### [TASK STATEMENT]
Take the data from its first line. Print each line exactly until the line containing "Mascarilla Facial Peel-Off" has been printed too.

Stored entries:
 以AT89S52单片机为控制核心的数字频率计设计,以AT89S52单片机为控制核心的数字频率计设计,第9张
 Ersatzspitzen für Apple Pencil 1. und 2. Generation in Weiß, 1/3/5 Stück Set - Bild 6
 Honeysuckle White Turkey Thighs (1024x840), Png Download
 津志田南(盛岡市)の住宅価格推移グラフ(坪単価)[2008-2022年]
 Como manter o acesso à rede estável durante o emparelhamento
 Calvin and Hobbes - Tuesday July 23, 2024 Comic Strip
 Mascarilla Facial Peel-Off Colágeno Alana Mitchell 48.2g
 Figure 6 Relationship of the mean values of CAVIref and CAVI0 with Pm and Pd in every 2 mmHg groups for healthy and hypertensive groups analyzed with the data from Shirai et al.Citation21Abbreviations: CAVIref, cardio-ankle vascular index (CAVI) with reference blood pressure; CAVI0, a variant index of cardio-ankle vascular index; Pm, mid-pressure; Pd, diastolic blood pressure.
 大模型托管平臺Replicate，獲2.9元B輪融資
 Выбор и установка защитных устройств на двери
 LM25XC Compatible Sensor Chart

### [COMPLETED EXERCISE]
 以AT89S52单片机为控制核心的数字频率计设计,以AT89S52单片机为控制核心的数字频率计设计,第9张
 Ersatzspitzen für Apple Pencil 1. und 2. Generation in Weiß, 1/3/5 Stück Set - Bild 6
 Honeysuckle White Turkey Thighs (1024x840), Png Download
 津志田南(盛岡市)の住宅価格推移グラフ(坪単価)[2008-2022年]
 Como manter o acesso à rede estável durante o emparelhamento
 Calvin and Hobbes - Tuesday July 23, 2024 Comic Strip
 Mascarilla Facial Peel-Off Colágeno Alana Mitchell 48.2g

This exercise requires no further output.